Exercise requirements:
In the entries that follow, the lines from the line containing "Genesis EQ900 - Vista 10" up to and including the line containing "Imágenes de la" must be copied exactly, with pictures omitted.

Supplied material:
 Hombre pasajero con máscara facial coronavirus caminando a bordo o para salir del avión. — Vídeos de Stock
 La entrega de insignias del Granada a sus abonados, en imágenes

---

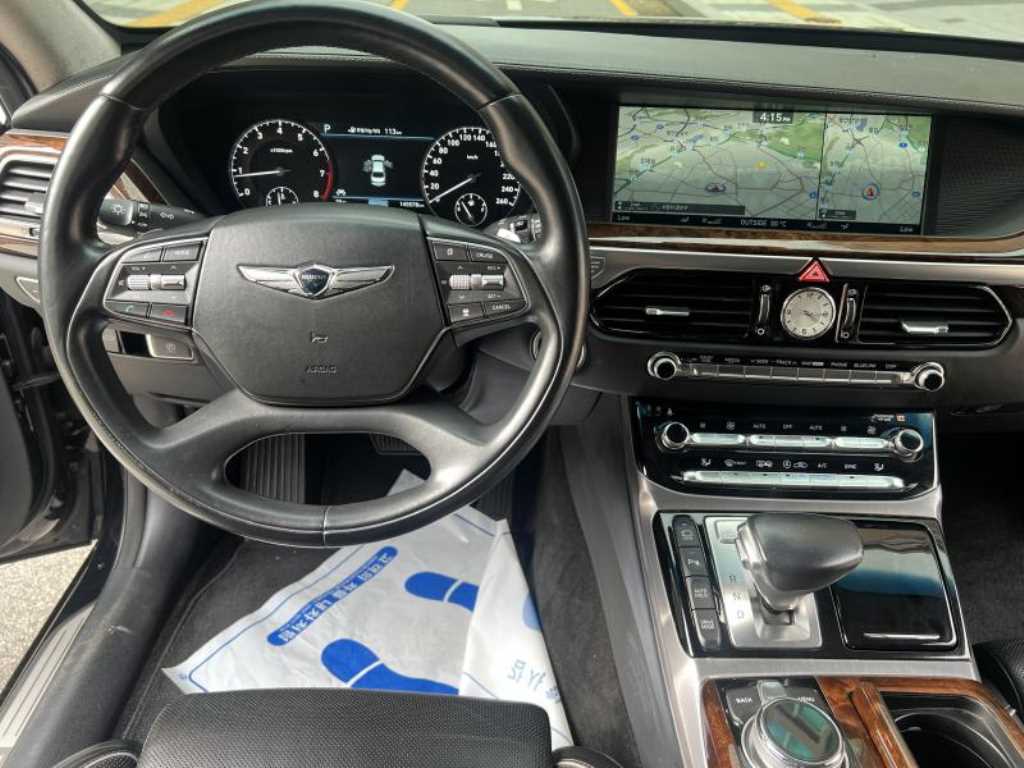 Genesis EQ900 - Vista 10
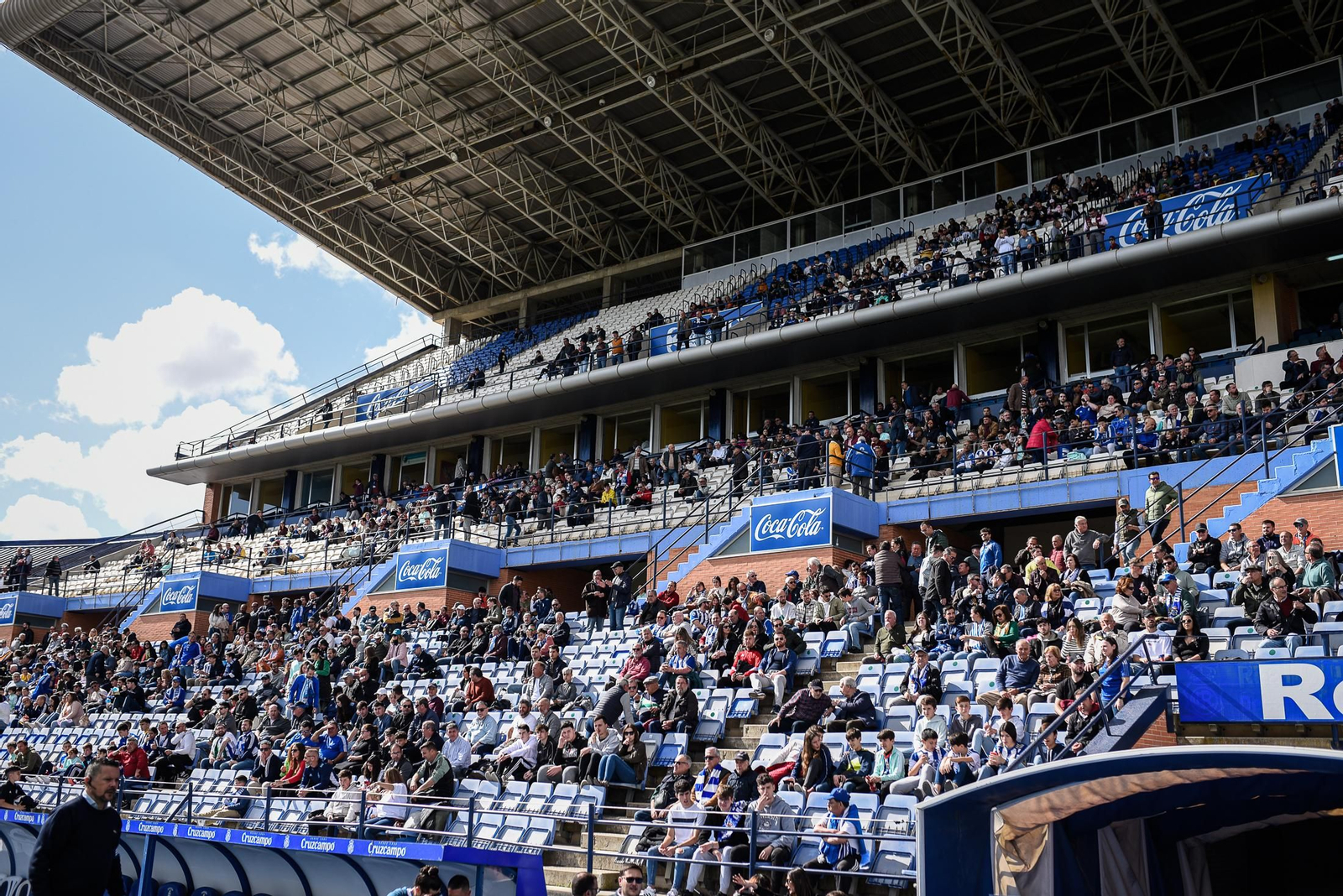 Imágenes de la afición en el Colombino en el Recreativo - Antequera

The answer:
 Genesis EQ900 - Vista 10
 Imágenes de la afición en el Colombino en el Recreativo - Antequera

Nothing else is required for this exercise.